Walters was told what he needed to do to get his AFL career back on track.
“They said I was training really hard and doing everything right, except for the things away from the club,” he says.
“The main thing was my eating.”
Walters knew changes had to be made if he was to force his way back into the club.
“To be honest, I had to stop going out with my mates,” he said.
“There were a lot of sacrifices I had to make.”
He also needed a way to rediscover his waning passion for the game.
Because Walters’ fitness levels were not meeting AFL requirements at Fremantle, he spent countless hours just running, trying to get back to a base standard that would allow him to rejoin the main group.
“I couldn’t really get into the main drills they were doing for pre-season, like ball work,” he says.
“I was just running laps, 3kms of just running laps.
“You sort of get sick of it and bored. I was doing it for the first five or six weeks and I had to find the passion.”
‘Son Son’, as he is affectionately known, found inspiration in the form of his unborn baby, which was just one month away from arriving.
“The only thing that really kept me in football was knowing that I had to support something that’s coming, something special,” he says.
“My baby that was on the way at the time gave me the passion and made me mature and grow up a little bit, which I needed to.”
Walters also called on the support of his girlfriend, Marnie Tyers, and his family.
“Her support has just been outstanding,” he says of Marnie.
“I wouldn’t have been able to do it without her.
“Not only her, but also my parents and my brothers.
“I’ve got a lot of support and you finally find out who your real friends are when you are in that situation.”
As it turned out, returning to Swan Districts helped Walters rediscover his love for the game.
And he found that the sacrifices he’d made were beginning to pay dividends.
“The results were obvious,” he says.
“I could feel myself losing the weight, I was much quicker and I could run out games for longer.
“And just looking at myself in the mirror, I could see my face was skinnier than what it was.”
Two months after he had been sent back to Swans, Walters returned to Freo to have his skin-folds tested. The results were astounding.
“I had lost 10 kilograms and ended up dropping 15 (mm) on my skin-folds,” he says.
But he wasn’t back yet. It was a call from the club’s leadership group that confirmed ‘Son Son’s’ return.
“They gave me a call that night and said I was welcome to come back.”
Walters reflects upon this chapter of his footy as a positive and credits the club for helping him change the direction his career, and his life, were heading.
“The club helped me out whenever I needed them, but they weren’t going to be there to hold my hand,” he says.
“I had to get through it by myself and try and fight my way through it, not only for myself but also for my family.”

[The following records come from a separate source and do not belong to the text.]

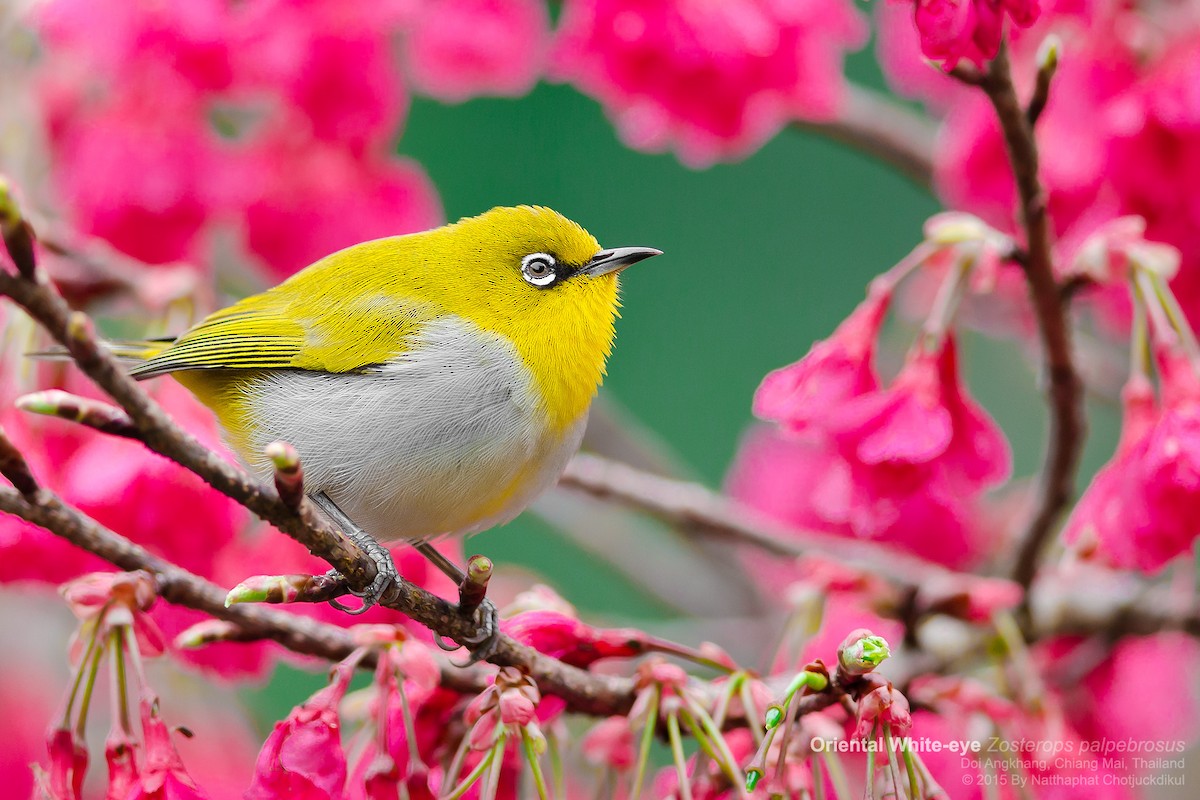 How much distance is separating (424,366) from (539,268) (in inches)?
9.6

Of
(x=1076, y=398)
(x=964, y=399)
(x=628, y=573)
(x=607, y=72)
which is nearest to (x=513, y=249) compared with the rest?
(x=607, y=72)

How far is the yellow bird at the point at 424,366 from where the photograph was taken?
1364 millimetres

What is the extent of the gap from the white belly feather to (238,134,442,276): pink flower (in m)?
0.64

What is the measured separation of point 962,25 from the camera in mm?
1067

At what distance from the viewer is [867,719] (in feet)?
3.26

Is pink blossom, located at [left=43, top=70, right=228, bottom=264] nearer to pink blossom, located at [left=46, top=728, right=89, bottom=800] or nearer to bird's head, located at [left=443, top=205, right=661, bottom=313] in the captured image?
bird's head, located at [left=443, top=205, right=661, bottom=313]

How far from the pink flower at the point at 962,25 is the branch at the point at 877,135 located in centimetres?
108

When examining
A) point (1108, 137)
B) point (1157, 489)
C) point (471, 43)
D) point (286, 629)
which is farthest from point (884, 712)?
point (471, 43)

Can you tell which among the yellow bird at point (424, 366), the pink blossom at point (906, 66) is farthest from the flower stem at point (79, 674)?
the pink blossom at point (906, 66)

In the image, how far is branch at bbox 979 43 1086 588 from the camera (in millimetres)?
1229

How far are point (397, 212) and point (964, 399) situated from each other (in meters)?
1.13

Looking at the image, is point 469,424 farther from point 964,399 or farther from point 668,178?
point 668,178

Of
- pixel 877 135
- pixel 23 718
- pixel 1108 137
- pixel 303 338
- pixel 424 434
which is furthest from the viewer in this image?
pixel 23 718

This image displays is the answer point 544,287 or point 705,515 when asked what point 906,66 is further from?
point 544,287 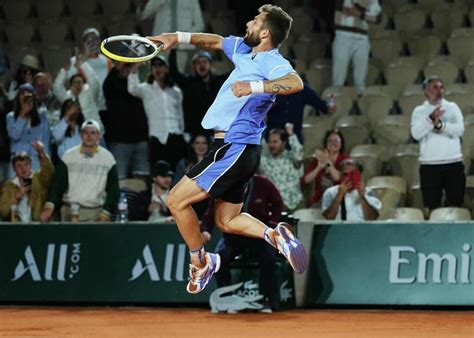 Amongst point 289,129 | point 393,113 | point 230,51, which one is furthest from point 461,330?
point 393,113

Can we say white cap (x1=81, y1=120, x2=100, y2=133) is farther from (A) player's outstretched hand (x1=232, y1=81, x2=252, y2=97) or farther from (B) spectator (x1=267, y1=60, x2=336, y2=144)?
(A) player's outstretched hand (x1=232, y1=81, x2=252, y2=97)

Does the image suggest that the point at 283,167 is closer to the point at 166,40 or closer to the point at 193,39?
the point at 193,39

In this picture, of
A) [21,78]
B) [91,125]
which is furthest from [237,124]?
[21,78]

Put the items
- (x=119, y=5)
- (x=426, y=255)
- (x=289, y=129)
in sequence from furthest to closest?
(x=119, y=5), (x=289, y=129), (x=426, y=255)

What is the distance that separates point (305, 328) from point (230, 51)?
9.91ft

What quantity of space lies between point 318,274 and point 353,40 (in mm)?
4593

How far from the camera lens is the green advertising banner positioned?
12859mm

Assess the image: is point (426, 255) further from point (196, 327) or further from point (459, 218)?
point (196, 327)

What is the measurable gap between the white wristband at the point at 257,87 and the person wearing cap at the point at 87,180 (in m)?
5.61

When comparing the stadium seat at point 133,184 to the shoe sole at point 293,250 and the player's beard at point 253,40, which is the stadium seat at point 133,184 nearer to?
the shoe sole at point 293,250

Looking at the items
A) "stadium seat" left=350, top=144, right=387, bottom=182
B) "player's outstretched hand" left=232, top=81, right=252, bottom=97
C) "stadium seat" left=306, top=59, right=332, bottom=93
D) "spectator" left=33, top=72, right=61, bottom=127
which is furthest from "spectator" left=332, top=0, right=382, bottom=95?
"player's outstretched hand" left=232, top=81, right=252, bottom=97

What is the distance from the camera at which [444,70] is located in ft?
54.6

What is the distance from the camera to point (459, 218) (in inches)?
553

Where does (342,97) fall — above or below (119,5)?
below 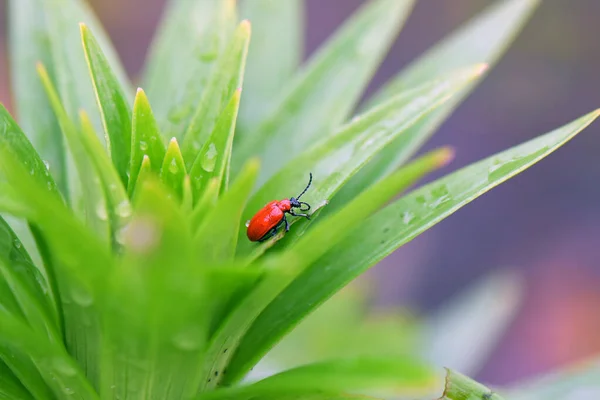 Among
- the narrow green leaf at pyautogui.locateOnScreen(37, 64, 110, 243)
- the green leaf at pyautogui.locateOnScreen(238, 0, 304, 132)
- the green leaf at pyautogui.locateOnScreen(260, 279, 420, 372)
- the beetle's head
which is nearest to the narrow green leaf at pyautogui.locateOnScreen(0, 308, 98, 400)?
the narrow green leaf at pyautogui.locateOnScreen(37, 64, 110, 243)

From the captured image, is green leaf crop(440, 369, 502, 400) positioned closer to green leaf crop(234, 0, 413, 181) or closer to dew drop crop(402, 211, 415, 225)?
dew drop crop(402, 211, 415, 225)

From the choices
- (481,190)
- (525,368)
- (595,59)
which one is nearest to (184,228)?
(481,190)

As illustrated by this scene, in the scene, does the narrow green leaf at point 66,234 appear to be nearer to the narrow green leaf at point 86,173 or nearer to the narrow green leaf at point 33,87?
the narrow green leaf at point 86,173

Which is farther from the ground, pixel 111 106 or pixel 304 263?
pixel 111 106

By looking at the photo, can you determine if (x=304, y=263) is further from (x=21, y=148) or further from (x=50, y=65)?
(x=50, y=65)

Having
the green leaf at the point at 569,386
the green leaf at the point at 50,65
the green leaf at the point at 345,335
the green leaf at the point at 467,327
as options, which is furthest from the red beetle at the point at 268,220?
the green leaf at the point at 467,327

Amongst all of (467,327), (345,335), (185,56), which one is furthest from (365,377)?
(467,327) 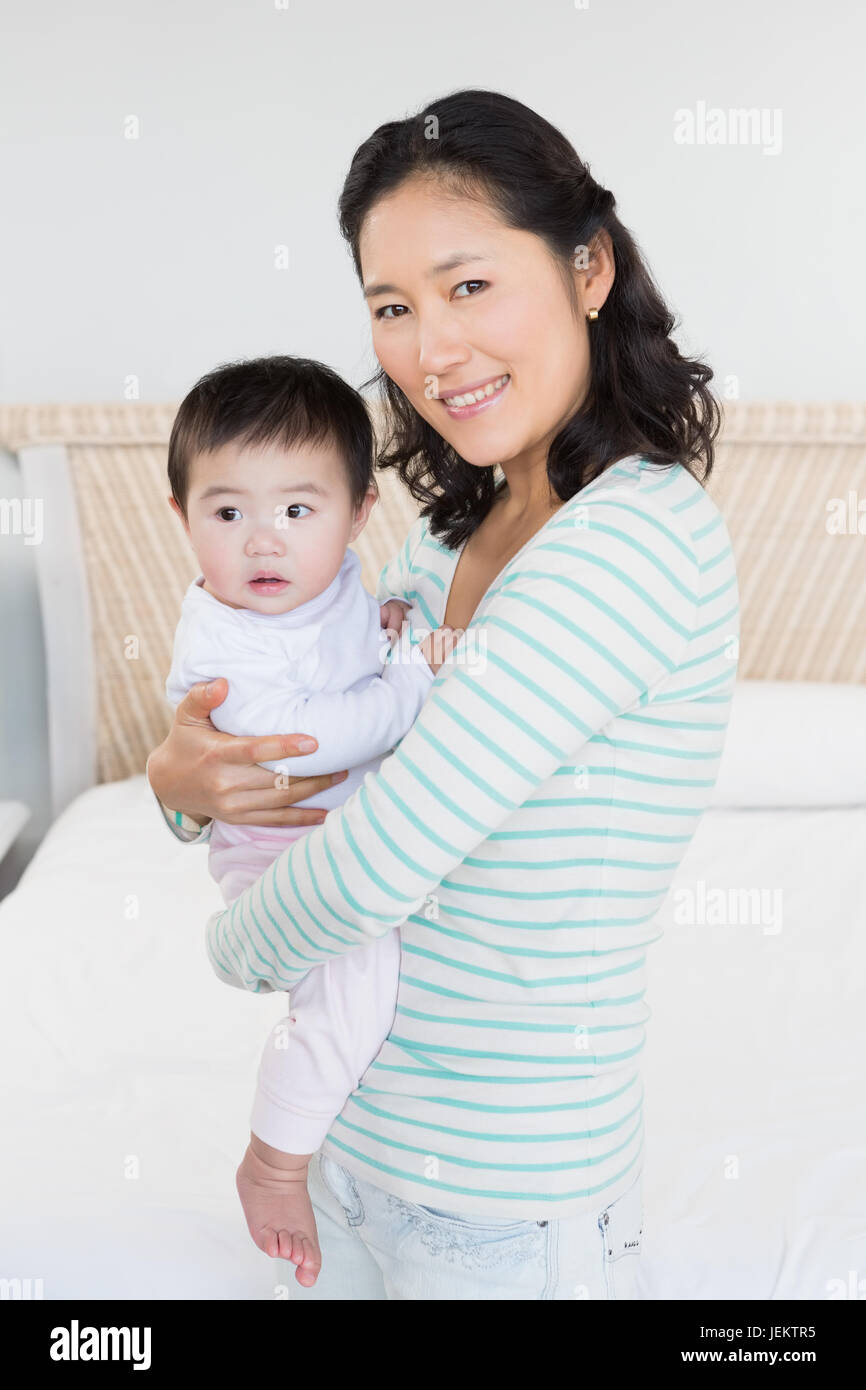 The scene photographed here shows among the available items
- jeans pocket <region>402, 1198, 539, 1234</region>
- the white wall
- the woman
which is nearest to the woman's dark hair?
the woman

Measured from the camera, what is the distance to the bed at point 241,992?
125cm

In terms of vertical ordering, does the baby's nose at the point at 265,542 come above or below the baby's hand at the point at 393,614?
above

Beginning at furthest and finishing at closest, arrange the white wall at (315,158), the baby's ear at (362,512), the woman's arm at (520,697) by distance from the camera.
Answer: the white wall at (315,158)
the baby's ear at (362,512)
the woman's arm at (520,697)

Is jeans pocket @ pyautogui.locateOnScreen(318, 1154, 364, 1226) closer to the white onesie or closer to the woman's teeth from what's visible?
the white onesie

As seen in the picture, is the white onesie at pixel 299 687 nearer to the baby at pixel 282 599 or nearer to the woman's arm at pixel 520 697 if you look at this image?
the baby at pixel 282 599

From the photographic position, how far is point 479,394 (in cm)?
100

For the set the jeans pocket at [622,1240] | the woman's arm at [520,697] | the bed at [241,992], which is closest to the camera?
the woman's arm at [520,697]

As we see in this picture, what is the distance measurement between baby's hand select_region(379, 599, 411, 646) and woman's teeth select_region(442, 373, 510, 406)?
25cm

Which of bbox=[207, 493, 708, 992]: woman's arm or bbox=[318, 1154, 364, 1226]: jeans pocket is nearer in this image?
bbox=[207, 493, 708, 992]: woman's arm

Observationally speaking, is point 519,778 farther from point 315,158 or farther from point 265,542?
point 315,158

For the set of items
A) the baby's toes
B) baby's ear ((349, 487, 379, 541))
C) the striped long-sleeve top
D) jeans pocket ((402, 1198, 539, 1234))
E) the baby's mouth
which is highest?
baby's ear ((349, 487, 379, 541))

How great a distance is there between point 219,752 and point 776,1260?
74 centimetres

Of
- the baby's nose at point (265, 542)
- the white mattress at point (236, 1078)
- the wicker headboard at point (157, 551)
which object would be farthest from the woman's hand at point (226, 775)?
the wicker headboard at point (157, 551)

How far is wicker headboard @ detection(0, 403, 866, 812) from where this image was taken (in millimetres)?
2559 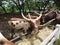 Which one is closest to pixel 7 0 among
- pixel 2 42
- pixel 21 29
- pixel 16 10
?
pixel 16 10

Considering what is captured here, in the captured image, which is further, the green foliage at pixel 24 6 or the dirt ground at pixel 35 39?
the green foliage at pixel 24 6

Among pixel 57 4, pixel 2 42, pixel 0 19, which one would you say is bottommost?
pixel 57 4

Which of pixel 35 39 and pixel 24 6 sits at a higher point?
pixel 35 39

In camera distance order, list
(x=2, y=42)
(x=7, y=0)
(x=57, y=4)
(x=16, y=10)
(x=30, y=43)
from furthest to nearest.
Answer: (x=57, y=4)
(x=16, y=10)
(x=7, y=0)
(x=30, y=43)
(x=2, y=42)

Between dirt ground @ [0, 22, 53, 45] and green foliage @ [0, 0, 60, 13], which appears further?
green foliage @ [0, 0, 60, 13]

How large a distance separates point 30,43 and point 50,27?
2.22 meters

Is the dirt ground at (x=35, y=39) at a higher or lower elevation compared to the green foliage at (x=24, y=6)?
higher

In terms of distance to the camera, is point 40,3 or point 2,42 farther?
point 40,3

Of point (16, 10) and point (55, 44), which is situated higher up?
point (55, 44)

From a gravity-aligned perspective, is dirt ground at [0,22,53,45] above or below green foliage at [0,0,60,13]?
above

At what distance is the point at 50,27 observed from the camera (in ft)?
30.1

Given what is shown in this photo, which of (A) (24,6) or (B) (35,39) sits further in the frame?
(A) (24,6)

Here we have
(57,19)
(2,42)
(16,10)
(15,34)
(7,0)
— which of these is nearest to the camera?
(2,42)

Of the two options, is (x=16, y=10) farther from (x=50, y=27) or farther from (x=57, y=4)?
(x=50, y=27) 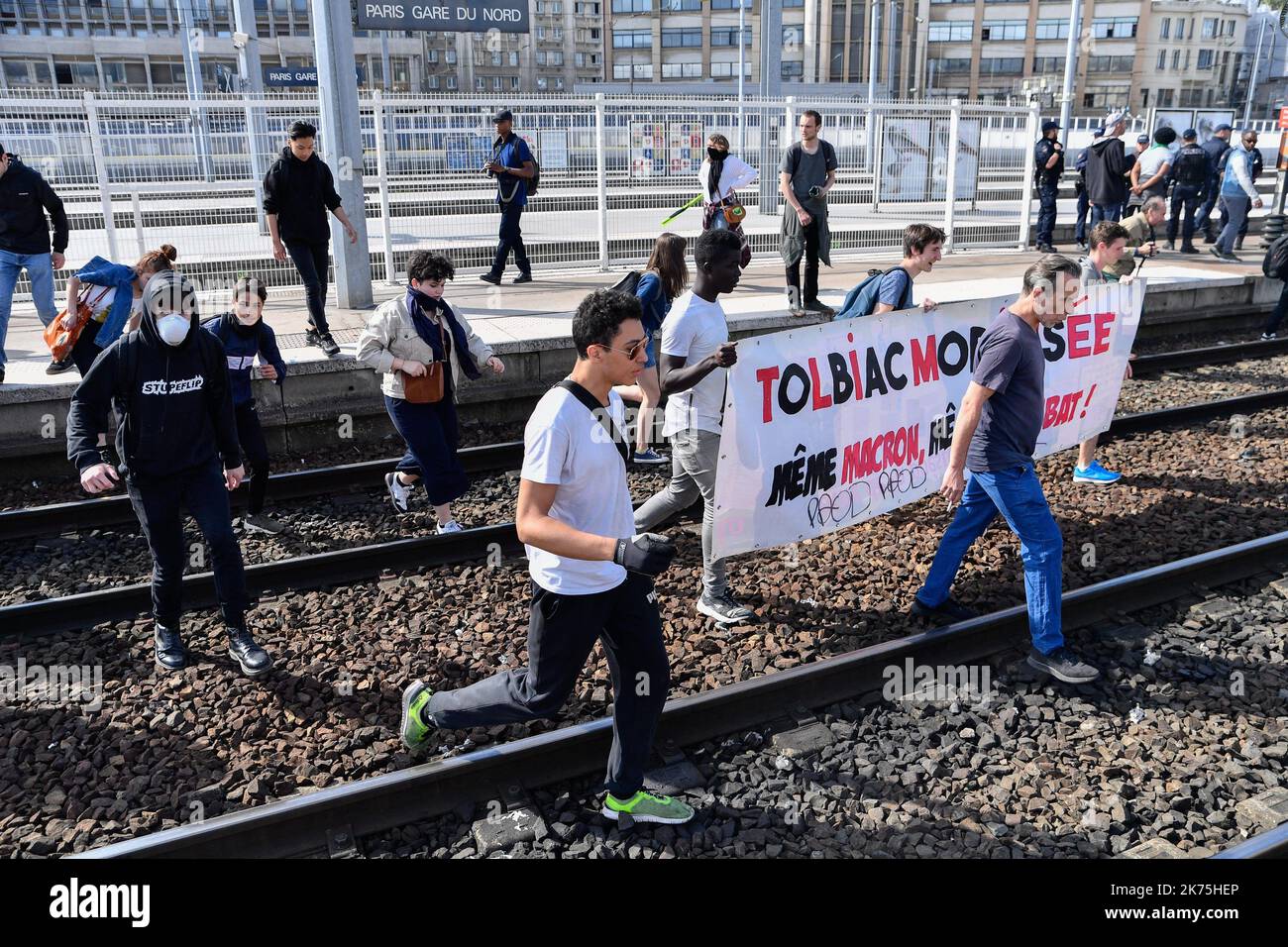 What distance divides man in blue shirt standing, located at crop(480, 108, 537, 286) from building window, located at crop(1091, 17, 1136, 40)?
304 ft

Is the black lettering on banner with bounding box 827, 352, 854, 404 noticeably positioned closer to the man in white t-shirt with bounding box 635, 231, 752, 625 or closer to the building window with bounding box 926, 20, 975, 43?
the man in white t-shirt with bounding box 635, 231, 752, 625

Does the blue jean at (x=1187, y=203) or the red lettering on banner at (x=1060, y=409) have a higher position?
the blue jean at (x=1187, y=203)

He says his teammates have also provided invaluable support during the past six months.
“Even now, they still ask me how I’m going, giving me a phone call to see how everything is and how my baby is,” Walters says.
“The support has been there through thick and thin.
“Even when I was at Swans, if the Freo coaching staff weren’t calling me, then the players were calling me and making sure I was keeping on top of things because they wanted me back.”
Walters says he has taken an immeasurable amount out of this experience that will help make him a better footballer, person and father to his healthy five-month-old daughter Layla.
“I’ve taken that your footy career can just crumble in a matter of seconds,” he says.
“At the same time I was back at Swans, my grandfather passed away and the baby was born, so I had a lot of ups and downs.
“But all that just makes you grow and I feel I have grown and I feel real good about it.”
Walters had a conversation with Ross Lyon about a month ago where the senior coach asked him what his goals now were.
“I told him I want to come back because I want to prove to everyone that I can do it,” Walters says.
“My goal wasn’t to play games at the start, but now that I am real close, I want to have a crack at a game and show everyone that I’ve done it.”
With news of his selection for Fremantle’s round 16 game against Melbourne at Etihad Stadium, act 2 of Michael Walters, the AFL footballer, begins now.